Influence of intrinsic spin ordering in La_0.6Sr_0.4Co_0.8Fe_0.2O_3−δ and Ba_0.6Sr_0.4Co_0.8Fe_0.2O_3−δ towards electrocatalysis of oxygen redox reaction in solid oxide cell

The redox reaction of oxygen (OER & ORR) forms the rate determining step of important processes like cellular respiration and water splitting. Being a spin relaxed process governed by quantum spin exchange interaction, QSEI (the ground triplet state in O₂ is associated with singlet oxygen in H₂O/OH⁻), its kinetics is sluggish and requires inclusion of selective catalyst. Functionality and sustainability of solid oxide cell involving fuel cell (FC) and electrolyzer cell (EC) are also controlled by ORR (oxygen redox reaction) and OER (oxygen evolution reaction). We suggest that, presence of inherent spin polarization within La_0.6Sr_0.4Co_0.8Fe_0.2O_3−δ (LSCF6482) (15.86 emu g⁻¹) and Ba_0.6Sr_0.4Co_0.8Fe_0.2O_3−δ (BSCF6482) (3.64 emu g⁻¹) accounts for the excellent selective electrocatalysis towards ORR and OER. QSEI forms the atomic level basis for OER/ORR which is directly proportional to spin ordering (non-zero magnetization) of the active electrocatalyst.
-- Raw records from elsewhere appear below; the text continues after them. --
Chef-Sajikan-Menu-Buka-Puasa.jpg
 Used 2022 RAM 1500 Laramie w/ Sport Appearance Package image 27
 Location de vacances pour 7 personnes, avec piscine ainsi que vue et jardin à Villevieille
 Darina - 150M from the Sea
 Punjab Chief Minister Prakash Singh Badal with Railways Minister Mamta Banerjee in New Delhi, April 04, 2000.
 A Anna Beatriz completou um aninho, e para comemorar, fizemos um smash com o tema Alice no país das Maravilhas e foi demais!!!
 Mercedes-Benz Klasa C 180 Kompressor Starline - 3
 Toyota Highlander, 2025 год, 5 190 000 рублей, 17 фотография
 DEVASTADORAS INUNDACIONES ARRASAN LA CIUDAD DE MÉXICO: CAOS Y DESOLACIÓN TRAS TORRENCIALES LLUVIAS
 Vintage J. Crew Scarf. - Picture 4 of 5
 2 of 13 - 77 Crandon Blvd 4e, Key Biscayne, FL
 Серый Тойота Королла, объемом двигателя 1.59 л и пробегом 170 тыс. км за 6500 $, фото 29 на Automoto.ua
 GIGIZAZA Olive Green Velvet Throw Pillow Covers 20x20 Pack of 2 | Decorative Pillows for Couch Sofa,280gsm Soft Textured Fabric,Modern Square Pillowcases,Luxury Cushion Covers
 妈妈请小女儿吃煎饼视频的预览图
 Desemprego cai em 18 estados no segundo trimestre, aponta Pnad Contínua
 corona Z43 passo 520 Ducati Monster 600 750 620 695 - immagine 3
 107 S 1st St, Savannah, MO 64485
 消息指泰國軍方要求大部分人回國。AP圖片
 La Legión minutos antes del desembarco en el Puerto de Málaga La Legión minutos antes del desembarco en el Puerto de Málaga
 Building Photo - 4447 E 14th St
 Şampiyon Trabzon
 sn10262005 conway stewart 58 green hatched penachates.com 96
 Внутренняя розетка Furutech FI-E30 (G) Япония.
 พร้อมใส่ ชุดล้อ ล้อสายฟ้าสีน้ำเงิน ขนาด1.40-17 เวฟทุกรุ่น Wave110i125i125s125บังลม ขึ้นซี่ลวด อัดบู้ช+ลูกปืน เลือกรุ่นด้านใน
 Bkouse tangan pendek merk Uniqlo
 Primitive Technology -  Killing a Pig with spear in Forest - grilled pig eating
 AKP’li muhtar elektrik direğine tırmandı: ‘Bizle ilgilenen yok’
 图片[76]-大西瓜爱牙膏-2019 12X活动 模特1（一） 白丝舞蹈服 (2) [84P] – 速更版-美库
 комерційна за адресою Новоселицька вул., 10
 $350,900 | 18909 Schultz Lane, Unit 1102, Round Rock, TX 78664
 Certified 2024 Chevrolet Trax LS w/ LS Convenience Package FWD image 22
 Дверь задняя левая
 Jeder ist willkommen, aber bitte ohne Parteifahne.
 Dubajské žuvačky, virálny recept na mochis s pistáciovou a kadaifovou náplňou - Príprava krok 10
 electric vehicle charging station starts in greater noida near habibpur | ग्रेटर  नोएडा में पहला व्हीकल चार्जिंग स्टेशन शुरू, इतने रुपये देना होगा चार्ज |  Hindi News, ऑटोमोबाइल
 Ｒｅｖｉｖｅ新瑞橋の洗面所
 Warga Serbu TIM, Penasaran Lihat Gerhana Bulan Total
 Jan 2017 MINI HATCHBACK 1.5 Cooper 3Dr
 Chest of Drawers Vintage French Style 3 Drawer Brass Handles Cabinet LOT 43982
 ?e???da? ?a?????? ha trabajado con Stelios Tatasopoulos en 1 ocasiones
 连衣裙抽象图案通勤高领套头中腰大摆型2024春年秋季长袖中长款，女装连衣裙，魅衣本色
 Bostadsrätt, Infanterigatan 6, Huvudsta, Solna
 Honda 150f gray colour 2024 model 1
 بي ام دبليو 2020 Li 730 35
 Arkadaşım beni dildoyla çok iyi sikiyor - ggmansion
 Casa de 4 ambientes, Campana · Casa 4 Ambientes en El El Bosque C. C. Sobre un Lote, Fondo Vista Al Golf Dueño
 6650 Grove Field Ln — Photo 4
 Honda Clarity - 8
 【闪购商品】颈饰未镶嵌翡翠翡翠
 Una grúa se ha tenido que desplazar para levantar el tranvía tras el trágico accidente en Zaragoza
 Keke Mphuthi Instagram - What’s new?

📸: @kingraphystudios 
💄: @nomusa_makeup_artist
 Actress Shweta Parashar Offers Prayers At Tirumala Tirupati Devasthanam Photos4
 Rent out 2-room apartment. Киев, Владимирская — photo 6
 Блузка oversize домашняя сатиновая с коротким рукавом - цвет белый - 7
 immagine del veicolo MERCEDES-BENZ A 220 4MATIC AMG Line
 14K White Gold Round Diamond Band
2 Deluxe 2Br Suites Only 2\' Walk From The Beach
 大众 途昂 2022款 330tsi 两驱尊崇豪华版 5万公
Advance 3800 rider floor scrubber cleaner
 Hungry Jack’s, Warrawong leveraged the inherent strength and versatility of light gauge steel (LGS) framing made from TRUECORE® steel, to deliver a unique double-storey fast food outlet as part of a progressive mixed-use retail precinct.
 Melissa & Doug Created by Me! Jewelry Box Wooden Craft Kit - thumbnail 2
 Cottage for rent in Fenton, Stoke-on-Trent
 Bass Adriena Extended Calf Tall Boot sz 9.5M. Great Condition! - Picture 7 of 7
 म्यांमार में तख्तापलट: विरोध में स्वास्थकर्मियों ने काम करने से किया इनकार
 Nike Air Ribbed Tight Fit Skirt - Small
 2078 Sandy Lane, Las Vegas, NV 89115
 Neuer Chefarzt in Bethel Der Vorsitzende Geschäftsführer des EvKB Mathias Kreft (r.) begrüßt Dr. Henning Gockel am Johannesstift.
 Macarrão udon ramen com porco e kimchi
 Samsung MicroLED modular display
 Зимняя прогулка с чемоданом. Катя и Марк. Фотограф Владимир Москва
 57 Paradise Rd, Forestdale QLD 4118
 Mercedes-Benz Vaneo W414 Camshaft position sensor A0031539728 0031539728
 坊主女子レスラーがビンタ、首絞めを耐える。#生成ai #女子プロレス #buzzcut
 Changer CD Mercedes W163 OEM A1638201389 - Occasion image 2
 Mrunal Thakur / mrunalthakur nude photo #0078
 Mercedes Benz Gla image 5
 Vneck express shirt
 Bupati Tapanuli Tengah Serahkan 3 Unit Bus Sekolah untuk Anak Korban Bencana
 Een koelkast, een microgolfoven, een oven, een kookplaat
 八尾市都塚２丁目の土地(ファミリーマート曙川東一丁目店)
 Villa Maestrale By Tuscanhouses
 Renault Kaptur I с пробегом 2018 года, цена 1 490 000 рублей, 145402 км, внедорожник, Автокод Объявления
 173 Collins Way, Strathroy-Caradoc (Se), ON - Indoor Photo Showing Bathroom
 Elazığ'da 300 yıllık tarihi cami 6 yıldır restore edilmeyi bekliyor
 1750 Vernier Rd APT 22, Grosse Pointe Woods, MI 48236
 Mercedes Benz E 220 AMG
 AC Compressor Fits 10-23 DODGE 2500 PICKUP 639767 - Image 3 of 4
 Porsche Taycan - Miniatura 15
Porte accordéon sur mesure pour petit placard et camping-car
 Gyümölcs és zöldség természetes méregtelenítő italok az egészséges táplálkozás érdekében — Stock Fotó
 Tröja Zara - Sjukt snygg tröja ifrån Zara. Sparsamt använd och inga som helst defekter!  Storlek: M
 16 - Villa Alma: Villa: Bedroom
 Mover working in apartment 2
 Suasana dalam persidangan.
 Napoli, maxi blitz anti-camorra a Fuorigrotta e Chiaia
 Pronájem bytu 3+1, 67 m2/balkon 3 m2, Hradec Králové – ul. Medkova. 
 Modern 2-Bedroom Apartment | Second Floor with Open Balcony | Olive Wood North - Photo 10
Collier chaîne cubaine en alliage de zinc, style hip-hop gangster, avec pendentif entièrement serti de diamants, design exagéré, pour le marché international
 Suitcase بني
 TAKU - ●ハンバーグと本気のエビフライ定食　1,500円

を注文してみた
LSCF6482 exhibits (21.5 kJ mol⁻¹@0.8 V for ORR compared to 61 kJ mol⁻¹@0.8 V for OER) improved ORR kinetics whereas BSCF6482 (18.79 kJ mol⁻¹@0.8 V for OER compared to 32.19 kJ mol⁻¹ for ORR@−0.8 V) is best suited for OER under the present stoichiometry. The findings establish the presence of inherent spin polarization of catalyst to be an effective descriptor for OER and ORR kinetics in solid oxide cell (SOC).